Further explanation for the use and interpretation of canonical distances

Summary

The canonical distance provides a measure of a quantitative comparison of different experimental designs, condense the test conditions and define the intensity of treatment factors on a dimensionless scale. As larger this value as larger the differences and therefore the treatment effect.

The canonical distances are the main focus of our techniques concerning the quantitative analysis of hyperspectral signatures. The canonical distances are the result of a cascade of statistical procedures in terms of model fitting and multivariate statistics. They describe the average vectors within the discriminant area or space obtained from the discriminant scores of the spectra.

Why is this value most interesting?

This dimensionless value quantifies the difference between two or more traits or classes of traits. It demonstrates the relative difference between two traits as an universal number over all treatments. The spectra contain information about both the experimental design as well as the standard number for the experimental run. Similar to a multiple mean comparison test the distance addresses the absolute size of the treatment effect in terms of the length of the arrow. Distances larger than 2 generally give evidence for a significant difference (varies with the variance). Additionally the variance is observable and open for related interpretations.

Fig 1: Canonical distances of vine leaf pathogens

Example of pathogens on vine leaves, fig. 1, measurements were taken before any symptoms have been visible: The distance between downy mildew (P. viticola) infected plants and the control is above 3, which is a significant value. In contrast the figure shows the position of another pathogen, black rot (G. bidiwellii), again before symptoms have been noticed. Also the distance is significant, but smaller than compared to P. viticola. The inoculated plants are suffering from a stress (pathogen) and the distances determine the degree of stress.

Multifactor experiment analysis — Fig. 2: Analysis of multifactorial experiments

Interpretation of a multifactor experiment (fig. 2): The first factor (blue area) is most distinguishable. The dominance is interfering with the two other factors. Inside the 2nd factor (green area) as well the 3rd factor (orange area) are no differences, the related distances are too small. Discussing a tendency, factor 2 and 3 are slightly different, the distances approaching the boundaries of decision making, but the distances are below the significance limit.

Impact of nematodes and variety effekt — Fig 3: Impact of nematodes and variety effect

Interpretation of a two way experiment: The 1st factor (variety) shows most obvious a discrimination, the boundaries of the variety are clear, the 2nd factor (nematode population density) is not different. The distances within a group are just marginal. An allocation to population density classes (low, medium, high) is not possible.

Same experiment as before, different year, presented in 12 combined classes with interaction.
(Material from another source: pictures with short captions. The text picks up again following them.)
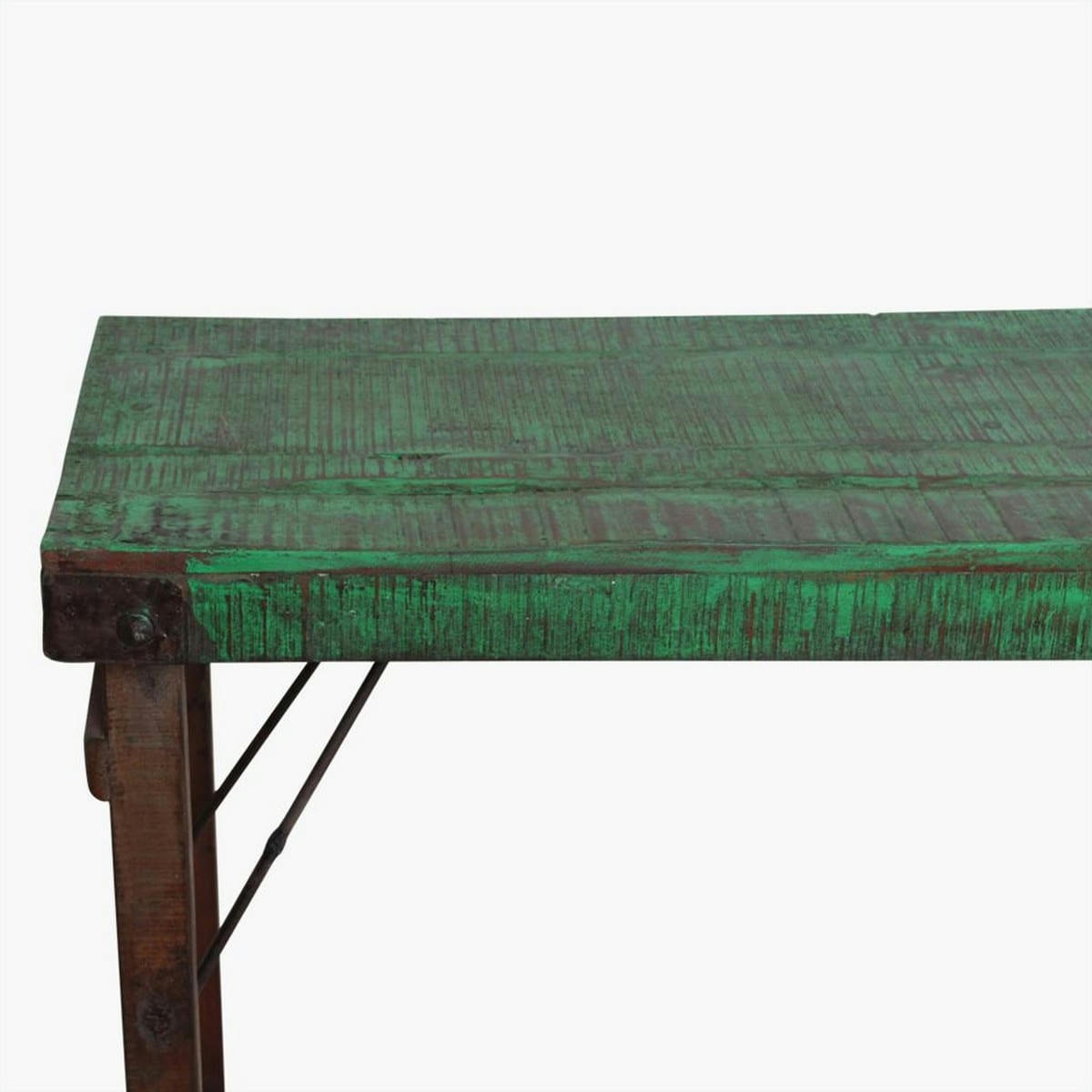 VINTAGE - Console ancienne en bois vert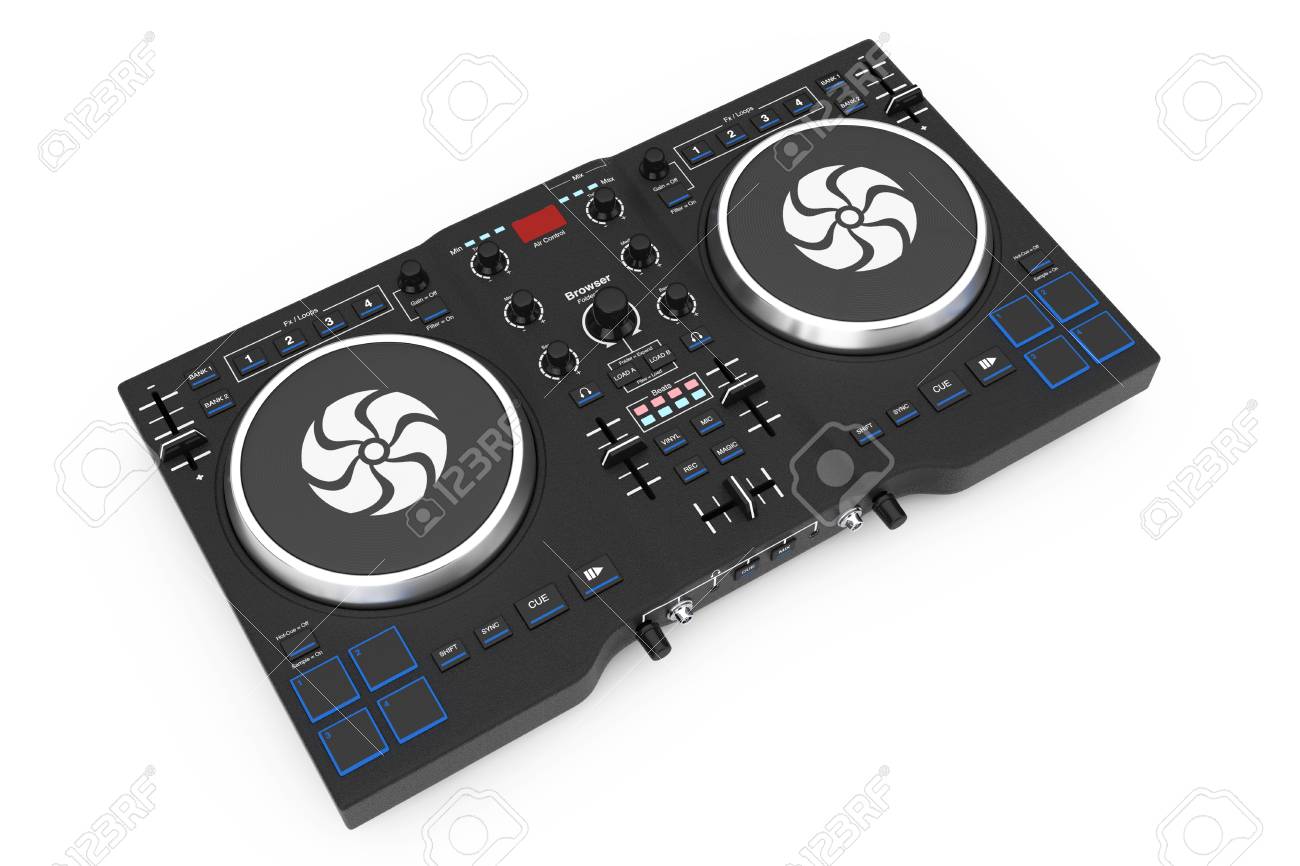 black modern dj set turntable mixer equipment on a white background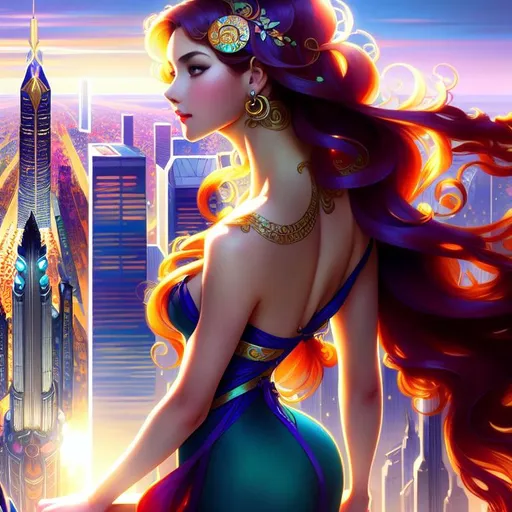 Prompt: gorgeous girl the size of skyscrapers walks around the city, bottom view, highly detailed, digital painting, artstation, sharp focus, illustration, art by tan zi, alphonse mucha, ross tran, trending on artstation 8k --uplight --w 1920 --h 1080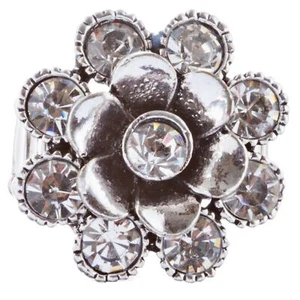 Beautiful Floral Design Crystal Rhinestones Fashion Stretch Ring Silver - Picture 1 of 3
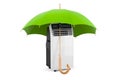 Portable conditioner under umbrella, 3D rendering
The existing nematode population are partitioned in four classes (low, medium, high, very high) and linked to the varieties (1-4 susceptible variety; 5-8, resistant variety; 9-12, tolerant variety). The hyperspectral measurements from the sugar beet canopy allow conclusion about the nematode density dependent on the variety characteristics. The susceptible variety is stronger affected by the nematode, while the nematode effect is not that clear for the tolerant / resistant varieties.
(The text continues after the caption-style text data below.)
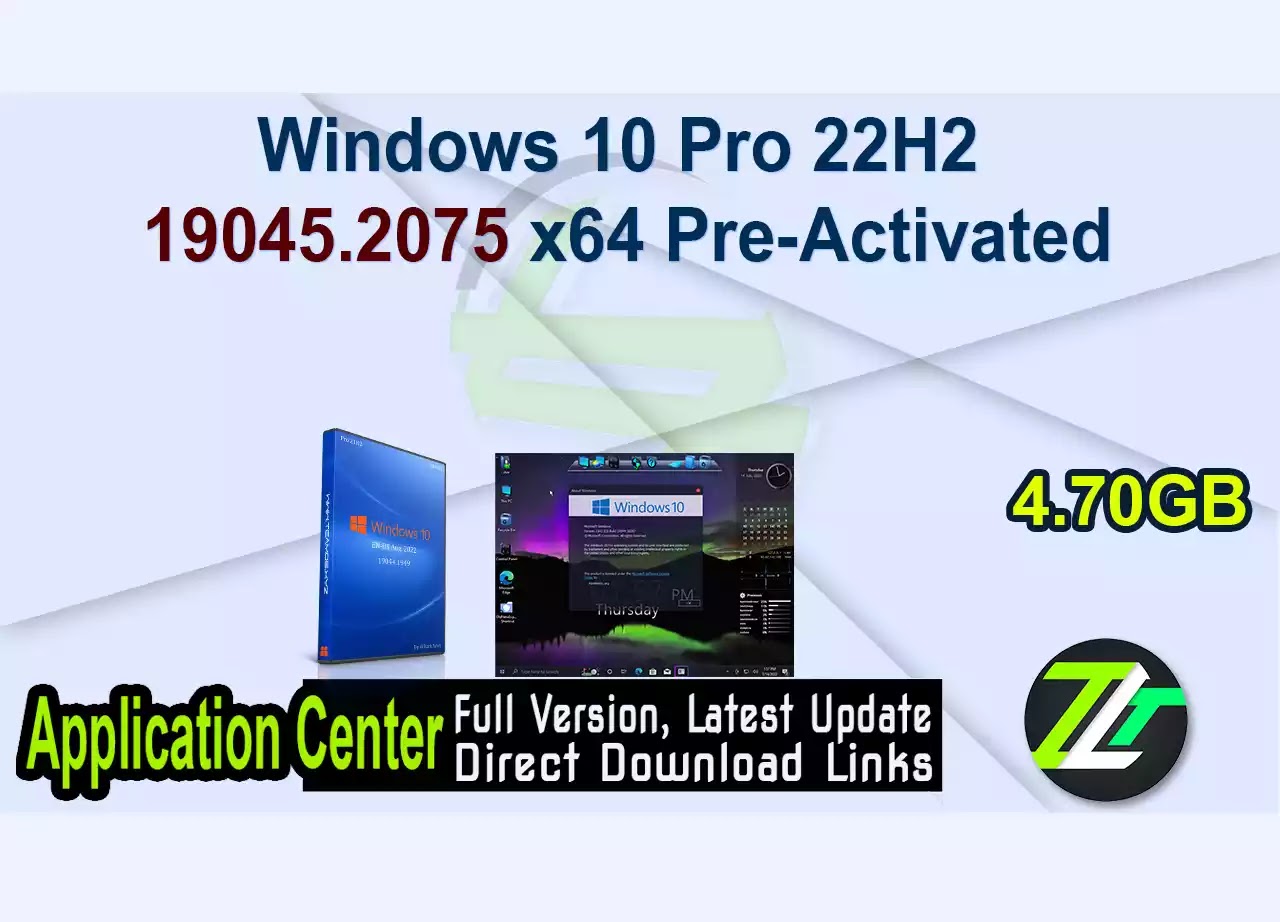 Windows 10 Pro 22H2 19045.2075 x64 Pre-Activated
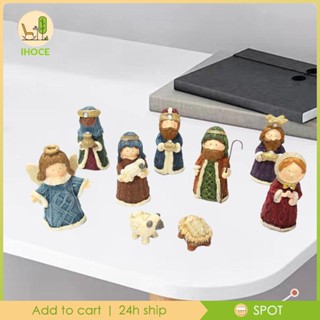 [Ihoce] ฟิกเกอร์ รูปปั้นครอบครัว mas Brith of Figurine Manger mas Holy สําหรับตกแต่งบ้าน 10 ชิ้น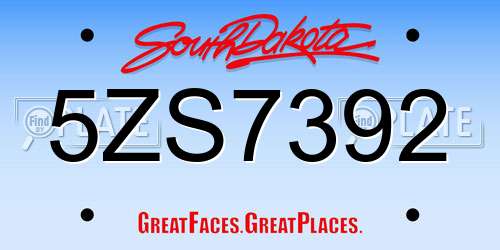 5ZS7392 South Dakota License Plate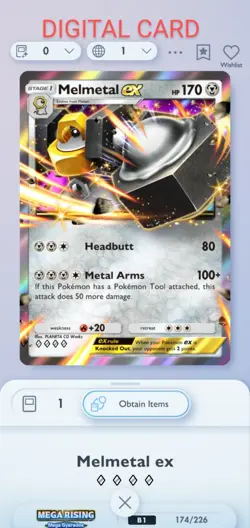 Melmetal EX Pokemon Pocket Mobile Game Mega Rising Set ◇◇◇◇ Rare Trade Card - Image 1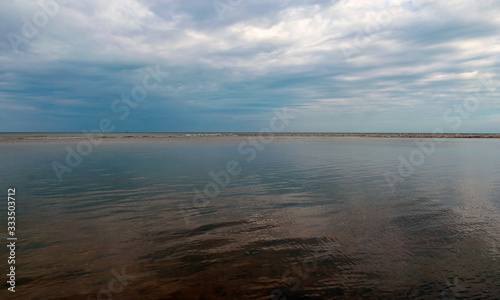 beautiful seascape, calm water and beautiful cloud reflections in water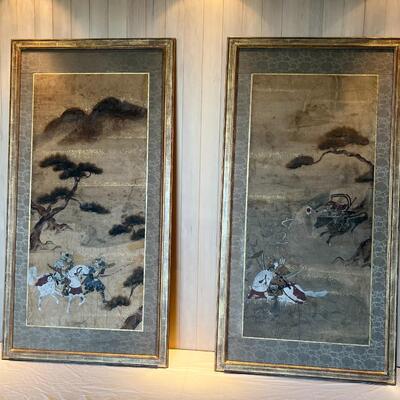 Circa 1600s or 1700s Early Edo Period Pair of Framed Battle Scenes in Tosa School Style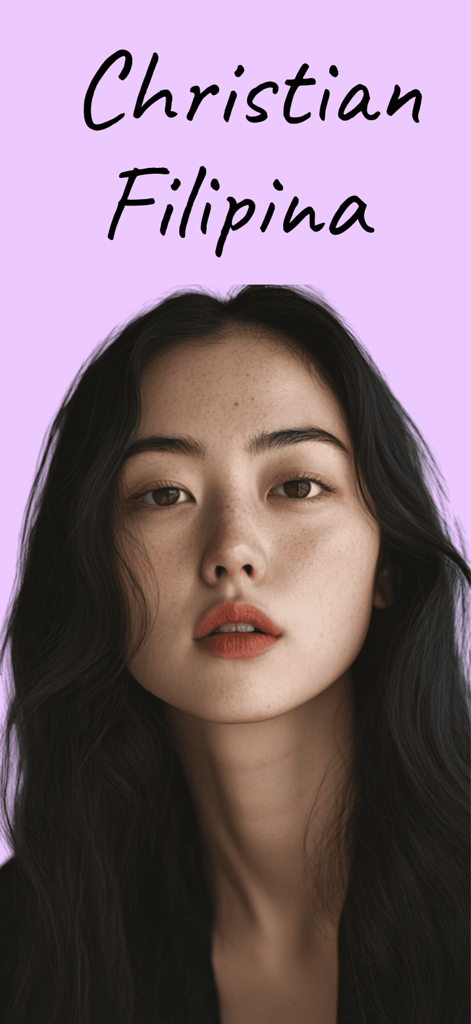 Intro screen of the Christian Filipina dating app featuring a woman portrait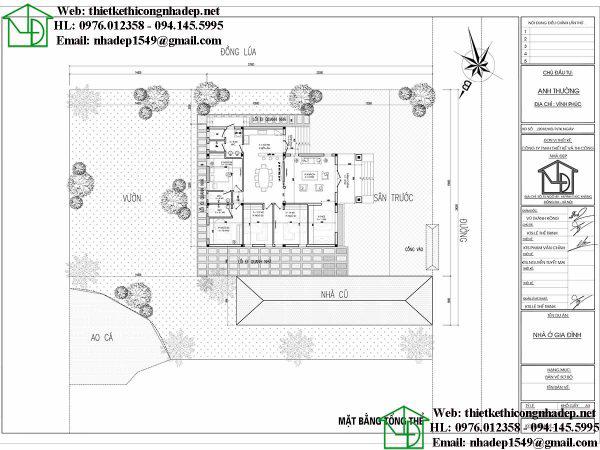 Mặt bằng tổng thể định vị vị trí công trình - Thiết kế biệt thự vườn 1 tầng 12x13m 4 phòng ngủ NDBT1T107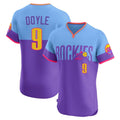 Colorado Rockies #9 Brenton Doyle Player Purple-Light Blue HeidiMiller City Connect Limited Elite Home T-shirt Stitched Jerseys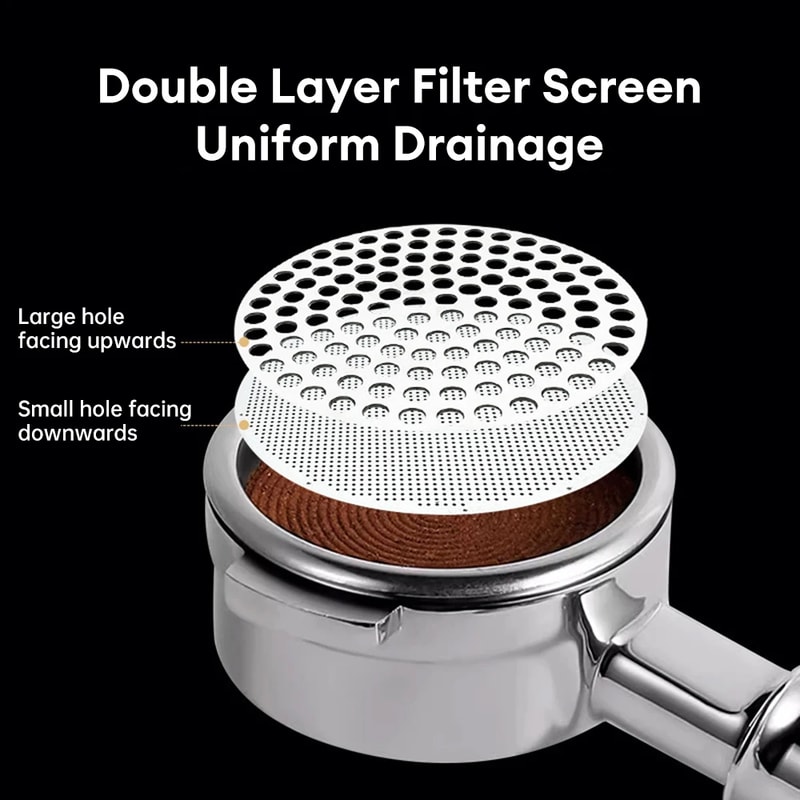Fine Mesh Reusable Metal Double Coffee Filter, Heat Resistant Coffee Puck Screen, Professional Espresso Accessory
hyperspectral trait recognition — Fig 5: Trait regcognition on canonical distance spaces and vector rotation

Rotating the vectors within the area helps to discriminate the second factor visually out of large sets of data. The vector of the control is set to a zero base line, all other distances are corrected and compared with respect to length and position within the discriminant area. The example is used to differentiate traits of new varieties from hyperspectral signatures. We can construct a confidence circle within the discriminant area. The vectors of new varieties inside the circle are not different from the traits of the control variety. Lines far out of the circle are significant different from the control, but do not satisfy the breeding objectives, the genetic distance is too large. Most interesting for the further breeding program are lines with vectors just touching the confidence circle and lengths below the control.

Fig. 6:Time series of hyperspectral measurements, ex. salt stress progress

The advantage of non-invasive sensors include the ability for "endless" repeated measurements of the same object. The dynamics of experiments are clearly shown by the canonical distances (y-axis) put on the time axis. The example demonstrates the effect of salt stress. The vary distances over time are fitted to a logistic function and present the dynamics of an increasing stress.

Mildew dynamics — Fig. 7: Time series of hyperspectral measurements, ex. mildew disease progress

Disease progress in terms of canonical distances. Canonical score values cannot always be transfered 1:1 to known situations. Disease progress follows mostly exponential processes. On the scales of canonical distances a logistic model is appropriate. The systems detect pathogen infection earlier, but approaches an upper saturation or asymptote earlier than the real disease.